Ein Ausflug in die PowerShell

Basierend auf dem BASH-Code wurde versucht, den Algorithmus mit der Windows-PowerShell umzusetzen. Unix-Affinität einerseits, sicherlich verbunden mit Vorbehalten gegenüber der Powershell, vor allem aber der doppelte Aufwand haben dieses Projekt nach einigem Aufwand beendet ohne bereits eine lauffähige Version erstellt zu haben.

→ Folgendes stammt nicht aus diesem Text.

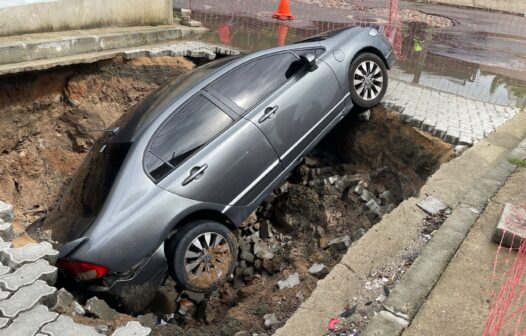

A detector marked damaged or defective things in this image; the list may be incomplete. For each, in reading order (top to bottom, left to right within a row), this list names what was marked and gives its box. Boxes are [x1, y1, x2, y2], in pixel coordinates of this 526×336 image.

broken concrete slab [416, 194, 450, 215]
broken concrete slab [496, 201, 526, 248]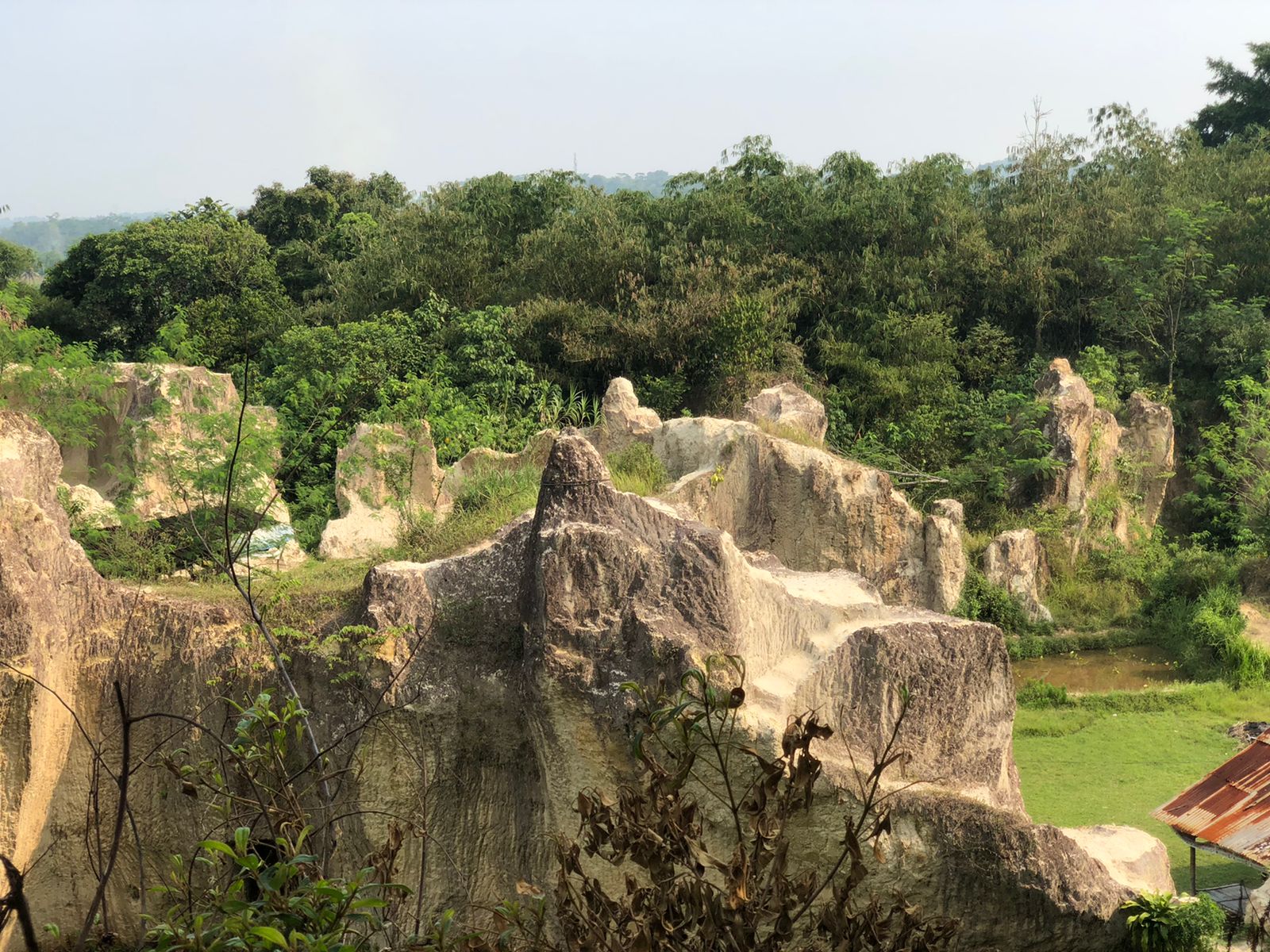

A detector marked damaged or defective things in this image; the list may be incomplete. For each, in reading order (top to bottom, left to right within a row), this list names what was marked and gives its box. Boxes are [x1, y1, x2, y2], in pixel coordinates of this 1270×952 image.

rusty corrugated metal roof [1158, 726, 1270, 868]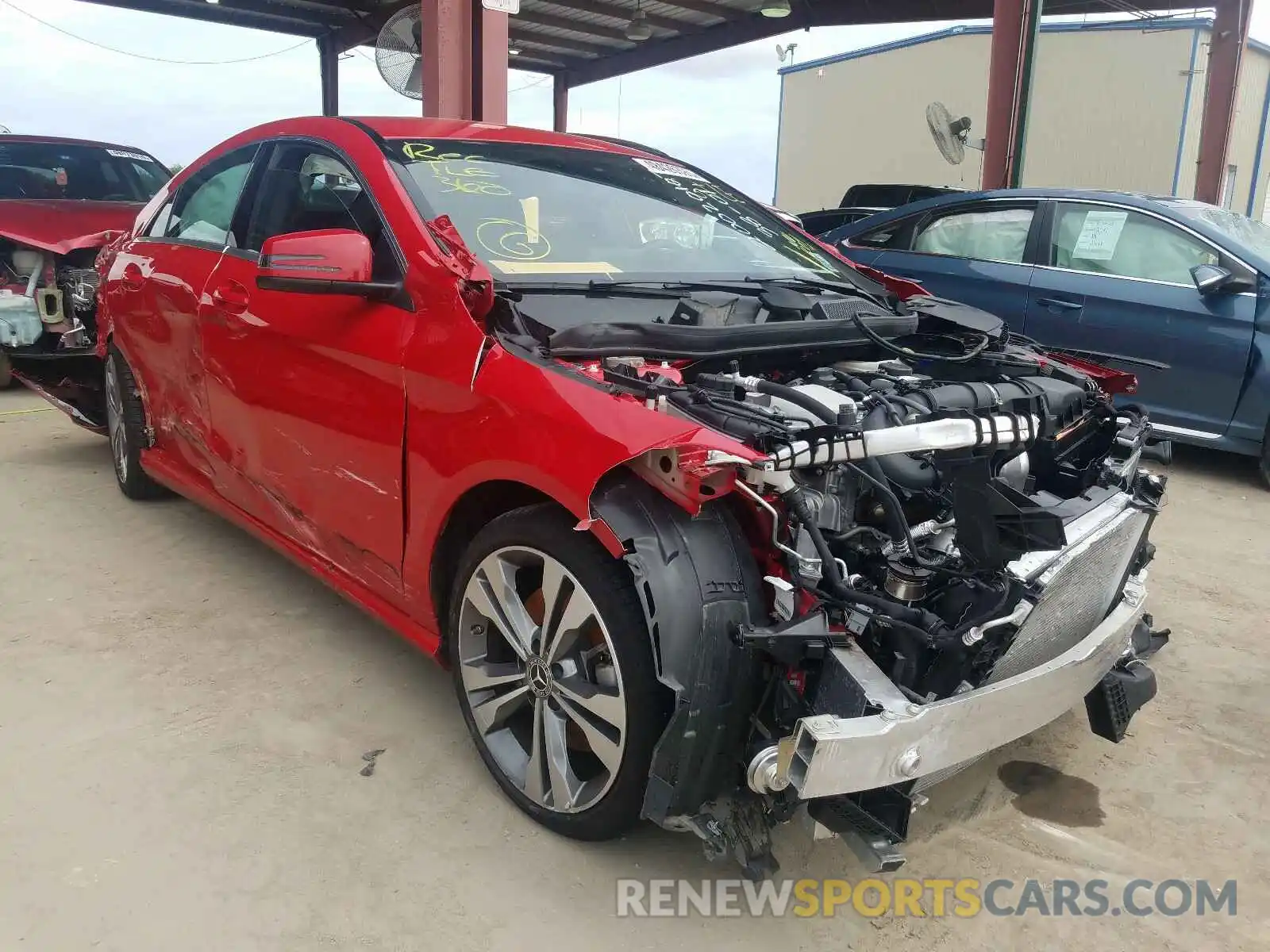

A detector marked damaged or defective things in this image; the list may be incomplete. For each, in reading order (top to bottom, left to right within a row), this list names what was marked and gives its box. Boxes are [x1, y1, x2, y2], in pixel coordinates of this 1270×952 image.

dented driver door [197, 140, 411, 604]
red damaged sedan [7, 115, 1168, 878]
torn fender liner [587, 474, 762, 822]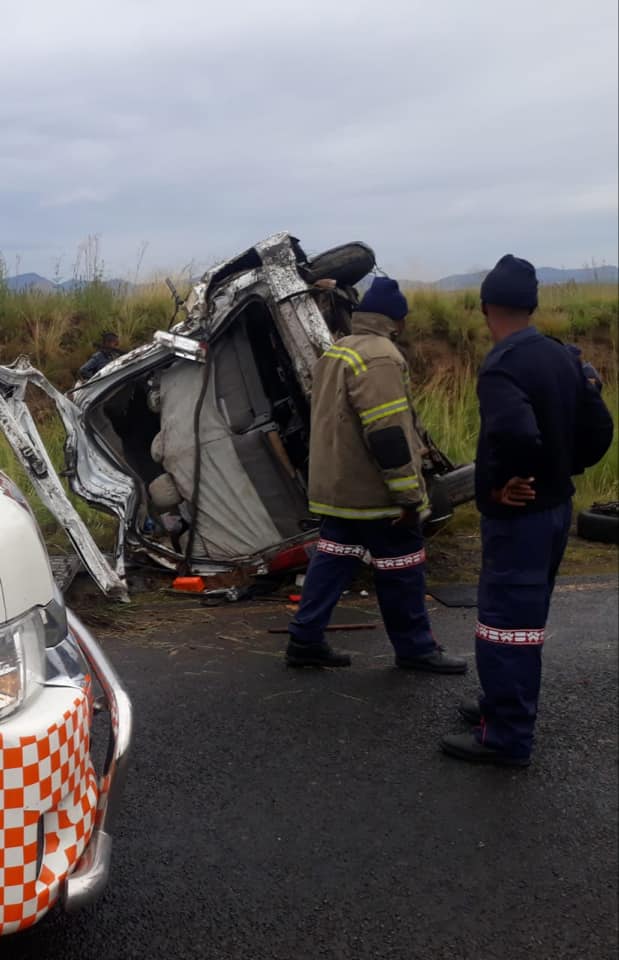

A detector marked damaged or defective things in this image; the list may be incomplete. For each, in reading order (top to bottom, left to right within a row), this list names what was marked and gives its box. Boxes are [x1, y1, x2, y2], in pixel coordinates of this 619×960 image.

detached car panel [0, 232, 474, 592]
detached car panel [0, 474, 132, 936]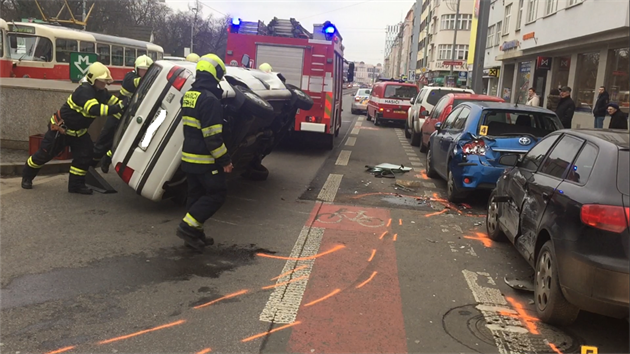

PERL – eine Lösung für alle (?) Welten und Weiterentwicklung des Einfach-Ansatzes

Die am nächsten liegende Lösung wurde zunächst übersehen: eine Programmier-/Skriptsprache für alle Betriebssysteme und zwar weder BASH/MinGW/ WSL noch PowerShell / PowerShell Core on Linux, sondern PERL.

PERL bietet zahlreiche Funktionen – auch im Bereich des Zugriffs auf Dateien und Verzeichnisse, die durch die jeweilige Implementierung so gekapselt sind, dass der eigentliche Befehl unabhängig vom Betriebssystem ist. Filesystem-Pfade können sogar sowohl in Unix- wie Windows-Nomenklatur (also mit / bzw. \ als Verzeichnistrenner) angegeben werden und dank der Funktion File::Spec→canonpath werden sie ins jeweils korrekte Format konvertiert. Der Quellcode braucht also zu weiten Teilen nicht für die jeweilige Plattform individuell angepasst werden. Ausnahmen sind die Pfade zu den Binaries, also \opt\tivoli\client\ba\bin\dsmc bzw. C:\Program Files\Tivoli\baclient\dsmc.exe und (derzeit) das nur teilweise Auslesen des Verzeichnisbaumes mittels find (Linux) und Robocopy (Windows).

Ein weiterer Grund, der für PERL spricht ist, dass es auf eine einfache Art und Weise sowohl die Nutzung von Threads ermöglicht und ebenso einfach sicherstellen lässt, dass jeweils nur eine bestimmte Anzahl von (Sub-)Threads gleichzeitig laufen und somit das Starten weiterer Threads erst nach Beendigung vorheriger erfolgt – und dies unabhängig vom Betriebssystem!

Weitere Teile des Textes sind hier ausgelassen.